Task statement
Although the data below holds other lines too, output only those from the line with "Mesa para Computador" up to and including the line with "Blue-green commercial booth", exactly as they appear.

Available records
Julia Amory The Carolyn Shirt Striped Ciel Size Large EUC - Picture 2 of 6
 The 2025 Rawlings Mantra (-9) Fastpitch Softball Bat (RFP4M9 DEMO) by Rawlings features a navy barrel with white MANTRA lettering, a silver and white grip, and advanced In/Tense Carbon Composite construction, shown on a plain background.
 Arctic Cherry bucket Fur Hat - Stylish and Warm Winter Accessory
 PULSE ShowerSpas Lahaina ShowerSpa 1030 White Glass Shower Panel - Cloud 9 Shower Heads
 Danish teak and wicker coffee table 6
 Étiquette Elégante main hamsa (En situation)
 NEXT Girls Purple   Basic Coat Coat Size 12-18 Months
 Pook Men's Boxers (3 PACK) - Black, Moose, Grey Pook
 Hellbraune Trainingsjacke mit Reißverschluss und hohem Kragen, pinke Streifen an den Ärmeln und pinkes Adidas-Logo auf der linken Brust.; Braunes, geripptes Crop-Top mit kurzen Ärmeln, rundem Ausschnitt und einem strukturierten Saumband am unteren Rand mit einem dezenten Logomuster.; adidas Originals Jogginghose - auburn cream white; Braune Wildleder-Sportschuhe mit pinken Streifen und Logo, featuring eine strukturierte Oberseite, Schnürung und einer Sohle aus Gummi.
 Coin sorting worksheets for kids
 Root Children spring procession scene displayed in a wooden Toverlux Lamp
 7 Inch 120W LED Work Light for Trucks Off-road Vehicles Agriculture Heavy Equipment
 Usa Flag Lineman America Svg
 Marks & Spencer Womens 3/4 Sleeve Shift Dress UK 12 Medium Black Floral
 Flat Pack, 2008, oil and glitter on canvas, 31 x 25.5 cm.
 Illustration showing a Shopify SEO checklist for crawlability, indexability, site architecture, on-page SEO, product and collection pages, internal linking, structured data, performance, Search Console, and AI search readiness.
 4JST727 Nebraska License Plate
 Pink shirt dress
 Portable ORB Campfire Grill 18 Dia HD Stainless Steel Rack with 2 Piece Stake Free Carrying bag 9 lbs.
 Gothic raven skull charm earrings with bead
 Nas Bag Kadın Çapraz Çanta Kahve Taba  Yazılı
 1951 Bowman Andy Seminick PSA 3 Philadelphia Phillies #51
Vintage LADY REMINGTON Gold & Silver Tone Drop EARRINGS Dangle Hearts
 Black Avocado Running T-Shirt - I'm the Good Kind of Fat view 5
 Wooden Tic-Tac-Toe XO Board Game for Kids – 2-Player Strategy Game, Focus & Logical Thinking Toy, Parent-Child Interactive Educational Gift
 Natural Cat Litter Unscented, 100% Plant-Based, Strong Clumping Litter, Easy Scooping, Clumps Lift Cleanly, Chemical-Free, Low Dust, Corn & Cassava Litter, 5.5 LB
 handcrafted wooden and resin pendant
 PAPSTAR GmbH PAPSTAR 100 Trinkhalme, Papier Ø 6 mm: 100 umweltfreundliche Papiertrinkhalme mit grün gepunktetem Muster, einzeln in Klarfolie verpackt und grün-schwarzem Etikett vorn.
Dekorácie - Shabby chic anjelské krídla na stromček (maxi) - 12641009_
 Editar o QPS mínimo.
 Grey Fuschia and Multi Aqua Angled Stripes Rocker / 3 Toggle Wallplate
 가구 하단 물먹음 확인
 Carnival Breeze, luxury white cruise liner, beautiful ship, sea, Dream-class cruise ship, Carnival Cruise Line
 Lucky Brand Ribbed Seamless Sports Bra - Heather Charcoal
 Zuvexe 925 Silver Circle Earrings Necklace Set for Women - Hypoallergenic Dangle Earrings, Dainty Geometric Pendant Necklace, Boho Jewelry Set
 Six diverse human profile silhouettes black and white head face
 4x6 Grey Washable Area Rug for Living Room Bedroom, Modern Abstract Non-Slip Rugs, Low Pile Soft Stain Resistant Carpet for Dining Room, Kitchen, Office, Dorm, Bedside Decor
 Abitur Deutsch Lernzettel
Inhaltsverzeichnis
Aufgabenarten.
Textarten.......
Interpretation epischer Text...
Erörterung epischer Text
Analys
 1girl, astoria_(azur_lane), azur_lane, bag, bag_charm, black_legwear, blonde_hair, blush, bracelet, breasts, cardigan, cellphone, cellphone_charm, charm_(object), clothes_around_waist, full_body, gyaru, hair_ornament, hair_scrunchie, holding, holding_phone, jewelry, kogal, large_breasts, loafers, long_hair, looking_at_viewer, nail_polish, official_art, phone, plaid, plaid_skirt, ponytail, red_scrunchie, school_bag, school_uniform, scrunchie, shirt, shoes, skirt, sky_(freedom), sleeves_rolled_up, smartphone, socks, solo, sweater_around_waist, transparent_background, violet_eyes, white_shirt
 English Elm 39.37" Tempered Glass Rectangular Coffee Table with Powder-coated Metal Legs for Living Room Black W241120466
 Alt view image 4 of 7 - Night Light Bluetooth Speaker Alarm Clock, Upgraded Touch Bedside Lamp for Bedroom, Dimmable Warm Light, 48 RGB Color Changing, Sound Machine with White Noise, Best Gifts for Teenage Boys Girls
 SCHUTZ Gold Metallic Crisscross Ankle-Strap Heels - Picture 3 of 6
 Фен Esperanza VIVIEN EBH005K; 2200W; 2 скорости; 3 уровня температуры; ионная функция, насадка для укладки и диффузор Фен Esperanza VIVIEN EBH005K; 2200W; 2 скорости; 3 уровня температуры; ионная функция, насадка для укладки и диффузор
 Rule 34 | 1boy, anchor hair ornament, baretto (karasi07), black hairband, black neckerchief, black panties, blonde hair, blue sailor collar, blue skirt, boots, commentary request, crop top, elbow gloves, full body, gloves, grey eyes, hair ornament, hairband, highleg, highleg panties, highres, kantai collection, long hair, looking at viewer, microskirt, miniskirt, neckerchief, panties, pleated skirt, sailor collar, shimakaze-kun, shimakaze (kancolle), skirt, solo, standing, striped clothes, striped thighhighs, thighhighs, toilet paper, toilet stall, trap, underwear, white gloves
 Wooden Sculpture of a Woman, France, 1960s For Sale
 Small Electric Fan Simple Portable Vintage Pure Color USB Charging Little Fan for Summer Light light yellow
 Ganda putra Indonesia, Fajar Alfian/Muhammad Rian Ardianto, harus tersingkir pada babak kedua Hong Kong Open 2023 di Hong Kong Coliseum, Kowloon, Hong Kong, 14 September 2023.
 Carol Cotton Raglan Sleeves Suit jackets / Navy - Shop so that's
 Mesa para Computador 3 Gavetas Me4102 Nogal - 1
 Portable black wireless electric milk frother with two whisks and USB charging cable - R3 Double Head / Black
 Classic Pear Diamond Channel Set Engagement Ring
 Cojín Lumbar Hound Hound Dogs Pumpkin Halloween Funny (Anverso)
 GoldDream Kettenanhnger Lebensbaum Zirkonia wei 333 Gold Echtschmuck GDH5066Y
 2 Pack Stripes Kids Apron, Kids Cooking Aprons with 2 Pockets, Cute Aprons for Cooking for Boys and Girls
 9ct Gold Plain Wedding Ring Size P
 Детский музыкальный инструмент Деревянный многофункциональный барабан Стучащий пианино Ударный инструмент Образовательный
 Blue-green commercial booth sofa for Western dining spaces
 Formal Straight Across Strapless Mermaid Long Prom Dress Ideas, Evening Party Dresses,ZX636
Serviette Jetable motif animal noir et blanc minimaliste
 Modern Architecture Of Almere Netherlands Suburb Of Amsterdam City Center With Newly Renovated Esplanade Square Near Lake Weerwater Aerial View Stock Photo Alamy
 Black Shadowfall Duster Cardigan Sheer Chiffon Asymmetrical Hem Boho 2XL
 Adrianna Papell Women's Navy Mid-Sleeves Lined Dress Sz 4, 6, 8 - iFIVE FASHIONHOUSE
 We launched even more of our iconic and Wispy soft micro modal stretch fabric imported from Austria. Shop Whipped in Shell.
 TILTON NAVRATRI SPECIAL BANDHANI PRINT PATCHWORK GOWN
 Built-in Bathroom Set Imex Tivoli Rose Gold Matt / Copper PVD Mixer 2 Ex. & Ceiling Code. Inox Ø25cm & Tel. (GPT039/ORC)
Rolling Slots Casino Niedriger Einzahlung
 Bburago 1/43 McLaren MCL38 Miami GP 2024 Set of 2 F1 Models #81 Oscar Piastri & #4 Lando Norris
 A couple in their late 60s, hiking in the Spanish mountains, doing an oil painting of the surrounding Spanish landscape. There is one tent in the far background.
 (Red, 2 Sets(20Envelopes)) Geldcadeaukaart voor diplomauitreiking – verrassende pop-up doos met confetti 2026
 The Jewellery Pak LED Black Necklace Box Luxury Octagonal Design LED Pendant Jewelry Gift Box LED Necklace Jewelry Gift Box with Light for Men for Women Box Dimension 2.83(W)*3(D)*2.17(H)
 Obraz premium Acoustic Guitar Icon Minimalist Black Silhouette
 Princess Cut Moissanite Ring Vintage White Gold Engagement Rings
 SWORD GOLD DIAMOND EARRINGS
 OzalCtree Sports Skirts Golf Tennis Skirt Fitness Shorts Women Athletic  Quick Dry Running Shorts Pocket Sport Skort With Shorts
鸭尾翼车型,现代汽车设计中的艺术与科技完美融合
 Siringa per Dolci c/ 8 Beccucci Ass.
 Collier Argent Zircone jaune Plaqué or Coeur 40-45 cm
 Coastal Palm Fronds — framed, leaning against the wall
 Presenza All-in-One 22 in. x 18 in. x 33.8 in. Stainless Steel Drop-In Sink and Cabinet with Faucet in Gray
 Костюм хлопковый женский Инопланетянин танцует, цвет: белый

Expected output
 Mesa para Computador 3 Gavetas Me4102 Nogal - 1
 Portable black wireless electric milk frother with two whisks and USB charging cable - R3 Double Head / Black
 Classic Pear Diamond Channel Set Engagement Ring
 Cojín Lumbar Hound Hound Dogs Pumpkin Halloween Funny (Anverso)
 GoldDream Kettenanhnger Lebensbaum Zirkonia wei 333 Gold Echtschmuck GDH5066Y
 2 Pack Stripes Kids Apron, Kids Cooking Aprons with 2 Pockets, Cute Aprons for Cooking for Boys and Girls
 9ct Gold Plain Wedding Ring Size P
 Детский музыкальный инструмент Деревянный многофункциональный барабан Стучащий пианино Ударный инструмент Образовательный
 Blue-green commercial booth sofa for Western dining spaces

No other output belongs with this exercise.